Communist Vietnam embraces royal past
HUE, Vietnam, June 29 (Reuters) Led by a pair of elephants, robed men with red conical hats carry the king on a gilded, silk-tasselled sedan chair.
The streets are lined by tens of thousands of excited people.
The procession is not in an Asian monarchy such as Thailand or Japan, but at the Hue Festival of arts and culture in Communist Party-ruled Vietnam, which less than a generation ago shunned its feudal past.
This seemingly contradictory re-enactment of a royal ritual in communist Vietnam is one highlight of the mid-June festival, where officials are increasingly comfortable displaying the country's royal heritage to promote tourism and development.
''The Hue festival is unique in Vietnam because it is not a political event, it is not a celebration of the state, of the party or the revolution,'' said Michael DiGregorio, arts and culture expert with the U S philanthropic Ford Foundation that has funded parts of the two-yearly event since it began in 2000.
The king, an actor from a traditional dance troupe, is taken to a temple called Nam Giao or Temple of Heaven. There, he pretends to perform sacrificial rights on a goat, a pig and a buffalo and prays for good rains and his people's prosperity.

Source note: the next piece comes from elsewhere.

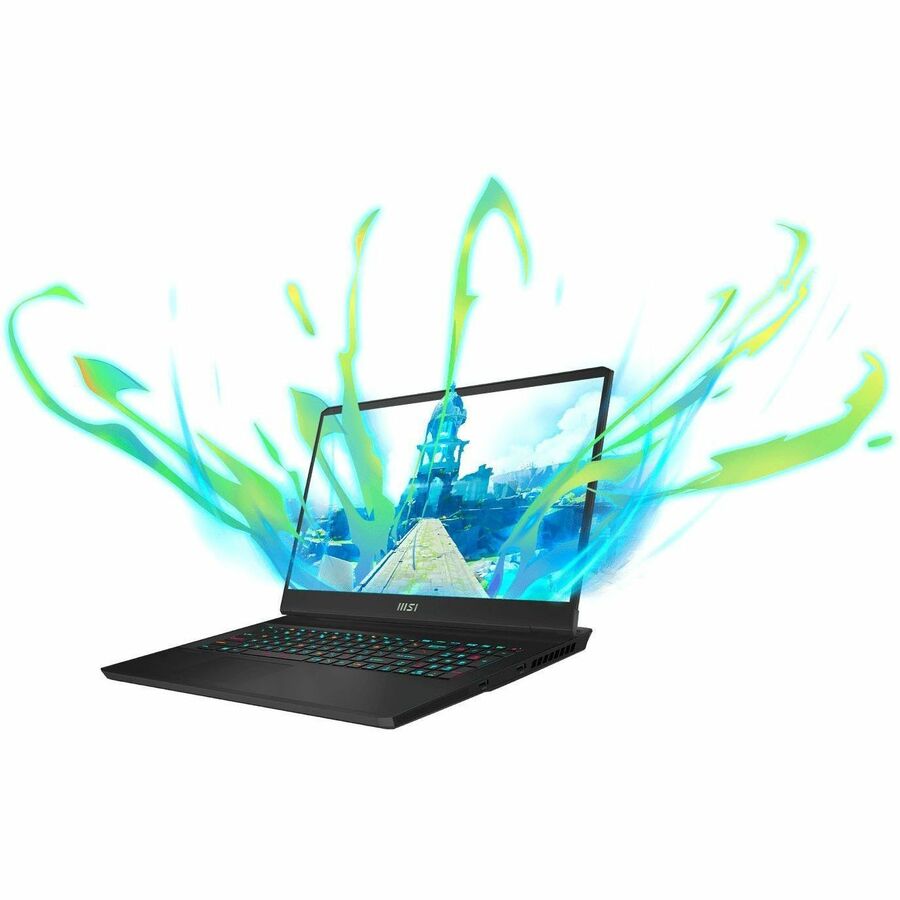 MSI Alpha 17 C7V Alpha 17 C7VF-006US 17.3 Gaming Notebook - QHD - 2560 x 1440 - AMD Ryzen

His performance and those of other actors in the roles of royal court officials are shown live on national television. The central Vietnam city of Hue was the royal capital from 1802 during the Nguyen dynasty until 1945, when the royal family abdicated to the communists.
NATIONAL IDENTITY The economy of the poor Southeast Asian country of 83 million is growing rapidly and tourism is booming as it enters its third decade of market reforms. Vietnam has shed parts of its centrally-planned economy and removed many barriers to trade with the rest of the world.
''Most of the leadership understand that the real struggle in Vietnam is not the political struggle but it is the struggle to maintain one's identity in globalisation,'' DiGregorio says.
''The cultural heritage of Vietnam is a way of reminding people who they are while going through this social transformation.'' About 150,000 people from 52 nations visited the June 3-11 festival and overall, 1.5 million attended, officials say. They say the city has earned 23 million dollars from tourism so far this year, an increase of 31 percent from the same period last year.